What is needed
Below are the records. State how many of their lines hold the word "Guitar", and add nothing else.

[Brief descriptive captions]
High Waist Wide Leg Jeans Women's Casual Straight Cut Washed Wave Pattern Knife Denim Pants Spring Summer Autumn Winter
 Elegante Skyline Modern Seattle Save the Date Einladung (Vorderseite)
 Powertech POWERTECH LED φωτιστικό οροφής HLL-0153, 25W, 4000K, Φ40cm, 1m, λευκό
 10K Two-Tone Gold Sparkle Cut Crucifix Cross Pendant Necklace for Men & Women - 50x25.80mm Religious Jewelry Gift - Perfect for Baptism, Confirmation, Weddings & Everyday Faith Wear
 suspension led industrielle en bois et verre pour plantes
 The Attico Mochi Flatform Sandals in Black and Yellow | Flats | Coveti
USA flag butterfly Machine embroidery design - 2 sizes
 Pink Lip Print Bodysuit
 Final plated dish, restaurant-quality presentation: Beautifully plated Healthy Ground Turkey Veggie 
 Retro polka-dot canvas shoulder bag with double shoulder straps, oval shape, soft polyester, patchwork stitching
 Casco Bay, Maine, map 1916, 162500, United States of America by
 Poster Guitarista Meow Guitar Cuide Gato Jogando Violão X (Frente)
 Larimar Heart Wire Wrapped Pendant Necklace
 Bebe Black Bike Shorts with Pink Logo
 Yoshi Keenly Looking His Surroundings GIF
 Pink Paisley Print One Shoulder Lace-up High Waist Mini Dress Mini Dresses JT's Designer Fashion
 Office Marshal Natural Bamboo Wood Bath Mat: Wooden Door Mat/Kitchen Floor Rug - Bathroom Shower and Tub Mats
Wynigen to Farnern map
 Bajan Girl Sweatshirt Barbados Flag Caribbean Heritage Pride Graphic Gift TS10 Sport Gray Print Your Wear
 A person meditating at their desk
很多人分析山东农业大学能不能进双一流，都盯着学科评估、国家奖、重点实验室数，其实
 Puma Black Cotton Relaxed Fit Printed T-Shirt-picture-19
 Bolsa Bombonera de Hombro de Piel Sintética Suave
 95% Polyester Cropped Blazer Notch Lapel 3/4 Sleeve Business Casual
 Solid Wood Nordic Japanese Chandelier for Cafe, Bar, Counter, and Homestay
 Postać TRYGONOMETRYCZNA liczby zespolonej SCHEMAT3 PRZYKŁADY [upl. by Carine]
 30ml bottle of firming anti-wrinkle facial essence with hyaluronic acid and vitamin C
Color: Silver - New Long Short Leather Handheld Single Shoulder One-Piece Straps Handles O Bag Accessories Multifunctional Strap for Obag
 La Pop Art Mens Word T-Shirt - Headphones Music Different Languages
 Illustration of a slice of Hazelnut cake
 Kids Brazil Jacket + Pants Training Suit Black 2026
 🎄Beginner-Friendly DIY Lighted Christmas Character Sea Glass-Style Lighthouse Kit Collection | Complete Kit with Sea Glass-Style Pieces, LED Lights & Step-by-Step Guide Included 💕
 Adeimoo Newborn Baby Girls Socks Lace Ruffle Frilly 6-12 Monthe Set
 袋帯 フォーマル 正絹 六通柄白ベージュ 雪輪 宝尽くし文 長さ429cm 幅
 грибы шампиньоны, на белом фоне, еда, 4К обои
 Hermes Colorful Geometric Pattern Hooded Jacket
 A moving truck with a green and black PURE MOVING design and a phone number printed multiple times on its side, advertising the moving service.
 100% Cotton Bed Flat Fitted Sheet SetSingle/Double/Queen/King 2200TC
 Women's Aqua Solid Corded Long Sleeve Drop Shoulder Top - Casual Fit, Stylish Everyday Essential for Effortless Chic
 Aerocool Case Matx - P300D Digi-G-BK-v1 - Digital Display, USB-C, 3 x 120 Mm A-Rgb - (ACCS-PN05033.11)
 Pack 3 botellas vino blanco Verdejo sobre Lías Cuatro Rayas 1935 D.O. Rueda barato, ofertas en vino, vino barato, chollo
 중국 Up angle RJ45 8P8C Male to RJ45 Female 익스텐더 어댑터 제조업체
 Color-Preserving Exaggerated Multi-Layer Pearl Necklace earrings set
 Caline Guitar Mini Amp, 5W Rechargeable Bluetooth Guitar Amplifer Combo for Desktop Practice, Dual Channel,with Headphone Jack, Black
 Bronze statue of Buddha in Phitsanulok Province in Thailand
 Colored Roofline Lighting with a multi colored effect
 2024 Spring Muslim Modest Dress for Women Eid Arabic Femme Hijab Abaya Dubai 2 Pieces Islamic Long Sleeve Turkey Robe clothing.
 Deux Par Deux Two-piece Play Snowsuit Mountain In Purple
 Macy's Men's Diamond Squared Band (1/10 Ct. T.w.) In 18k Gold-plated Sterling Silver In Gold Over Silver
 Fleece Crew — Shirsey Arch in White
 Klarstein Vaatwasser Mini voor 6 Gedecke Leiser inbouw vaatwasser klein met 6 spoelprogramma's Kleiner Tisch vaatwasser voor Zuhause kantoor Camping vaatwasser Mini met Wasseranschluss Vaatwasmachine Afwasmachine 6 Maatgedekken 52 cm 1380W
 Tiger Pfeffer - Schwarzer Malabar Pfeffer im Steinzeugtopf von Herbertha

Solved exercise
2